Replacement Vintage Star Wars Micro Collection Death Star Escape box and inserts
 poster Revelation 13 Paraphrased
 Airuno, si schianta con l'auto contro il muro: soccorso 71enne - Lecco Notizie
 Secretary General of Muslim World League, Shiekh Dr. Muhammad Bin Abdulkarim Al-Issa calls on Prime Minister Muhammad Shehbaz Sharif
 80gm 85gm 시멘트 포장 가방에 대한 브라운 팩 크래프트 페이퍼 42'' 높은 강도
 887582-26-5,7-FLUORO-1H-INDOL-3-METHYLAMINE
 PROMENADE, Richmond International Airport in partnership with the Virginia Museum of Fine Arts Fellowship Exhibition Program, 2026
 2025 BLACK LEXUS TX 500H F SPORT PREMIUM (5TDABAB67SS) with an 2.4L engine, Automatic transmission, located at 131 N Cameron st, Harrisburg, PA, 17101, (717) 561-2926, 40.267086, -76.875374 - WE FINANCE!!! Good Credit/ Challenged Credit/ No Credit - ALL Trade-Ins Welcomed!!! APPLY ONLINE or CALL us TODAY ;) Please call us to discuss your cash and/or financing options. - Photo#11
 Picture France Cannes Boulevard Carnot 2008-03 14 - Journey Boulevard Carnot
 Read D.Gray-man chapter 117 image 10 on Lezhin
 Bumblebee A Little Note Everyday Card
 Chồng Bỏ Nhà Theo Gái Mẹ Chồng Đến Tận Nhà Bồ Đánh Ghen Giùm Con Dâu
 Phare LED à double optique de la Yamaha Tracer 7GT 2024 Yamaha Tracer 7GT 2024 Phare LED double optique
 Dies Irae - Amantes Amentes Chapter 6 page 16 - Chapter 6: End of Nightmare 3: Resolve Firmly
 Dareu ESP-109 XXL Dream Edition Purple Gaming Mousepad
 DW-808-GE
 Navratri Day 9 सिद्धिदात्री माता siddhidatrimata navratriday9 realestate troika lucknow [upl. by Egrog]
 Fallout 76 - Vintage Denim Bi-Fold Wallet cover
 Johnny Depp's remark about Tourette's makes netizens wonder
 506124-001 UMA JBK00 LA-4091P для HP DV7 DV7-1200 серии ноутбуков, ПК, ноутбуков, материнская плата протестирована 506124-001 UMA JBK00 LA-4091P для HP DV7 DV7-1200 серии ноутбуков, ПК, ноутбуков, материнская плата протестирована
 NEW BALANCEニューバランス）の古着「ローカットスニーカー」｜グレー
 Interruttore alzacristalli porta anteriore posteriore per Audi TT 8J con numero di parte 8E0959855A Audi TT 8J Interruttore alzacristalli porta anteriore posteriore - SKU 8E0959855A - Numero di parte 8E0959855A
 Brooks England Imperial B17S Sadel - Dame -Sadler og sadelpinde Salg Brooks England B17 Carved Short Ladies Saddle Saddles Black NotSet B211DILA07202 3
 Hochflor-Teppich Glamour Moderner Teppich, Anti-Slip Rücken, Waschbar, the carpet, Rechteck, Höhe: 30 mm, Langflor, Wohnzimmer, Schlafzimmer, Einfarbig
= = = = =
## TASK INSTRUCTIONS
What is wanted is an exact copy of the data.

## OUTPUT FOR THIS TASK
Replacement Vintage Star Wars Micro Collection Death Star Escape box and inserts
 poster Revelation 13 Paraphrased
 Airuno, si schianta con l'auto contro il muro: soccorso 71enne - Lecco Notizie
 Secretary General of Muslim World League, Shiekh Dr. Muhammad Bin Abdulkarim Al-Issa calls on Prime Minister Muhammad Shehbaz Sharif
 80gm 85gm 시멘트 포장 가방에 대한 브라운 팩 크래프트 페이퍼 42'' 높은 강도
 887582-26-5,7-FLUORO-1H-INDOL-3-METHYLAMINE
 PROMENADE, Richmond International Airport in partnership with the Virginia Museum of Fine Arts Fellowship Exhibition Program, 2026
 2025 BLACK LEXUS TX 500H F SPORT PREMIUM (5TDABAB67SS) with an 2.4L engine, Automatic transmission, located at 131 N Cameron st, Harrisburg, PA, 17101, (717) 561-2926, 40.267086, -76.875374 - WE FINANCE!!! Good Credit/ Challenged Credit/ No Credit - ALL Trade-Ins Welcomed!!! APPLY ONLINE or CALL us TODAY ;) Please call us to discuss your cash and/or financing options. - Photo#11
 Picture France Cannes Boulevard Carnot 2008-03 14 - Journey Boulevard Carnot
 Read D.Gray-man chapter 117 image 10 on Lezhin
 Bumblebee A Little Note Everyday Card
 Chồng Bỏ Nhà Theo Gái Mẹ Chồng Đến Tận Nhà Bồ Đánh Ghen Giùm Con Dâu
 Phare LED à double optique de la Yamaha Tracer 7GT 2024 Yamaha Tracer 7GT 2024 Phare LED double optique
 Dies Irae - Amantes Amentes Chapter 6 page 16 - Chapter 6: End of Nightmare 3: Resolve Firmly
 Dareu ESP-109 XXL Dream Edition Purple Gaming Mousepad
 DW-808-GE
 Navratri Day 9 सिद्धिदात्री माता siddhidatrimata navratriday9 realestate troika lucknow [upl. by Egrog]
 Fallout 76 - Vintage Denim Bi-Fold Wallet cover
 Johnny Depp's remark about Tourette's makes netizens wonder
 506124-001 UMA JBK00 LA-4091P для HP DV7 DV7-1200 серии ноутбуков, ПК, ноутбуков, материнская плата протестирована 506124-001 UMA JBK00 LA-4091P для HP DV7 DV7-1200 серии ноутбуков, ПК, ноутбуков, материнская плата протестирована
 NEW BALANCEニューバランス）の古着「ローカットスニーカー」｜グレー
 Interruttore alzacristalli porta anteriore posteriore per Audi TT 8J con numero di parte 8E0959855A Audi TT 8J Interruttore alzacristalli porta anteriore posteriore - SKU 8E0959855A - Numero di parte 8E0959855A
 Brooks England Imperial B17S Sadel - Dame -Sadler og sadelpinde Salg Brooks England B17 Carved Short Ladies Saddle Saddles Black NotSet B211DILA07202 3
 Hochflor-Teppich Glamour Moderner Teppich, Anti-Slip Rücken, Waschbar, the carpet, Rechteck, Höhe: 30 mm, Langflor, Wohnzimmer, Schlafzimmer, Einfarbig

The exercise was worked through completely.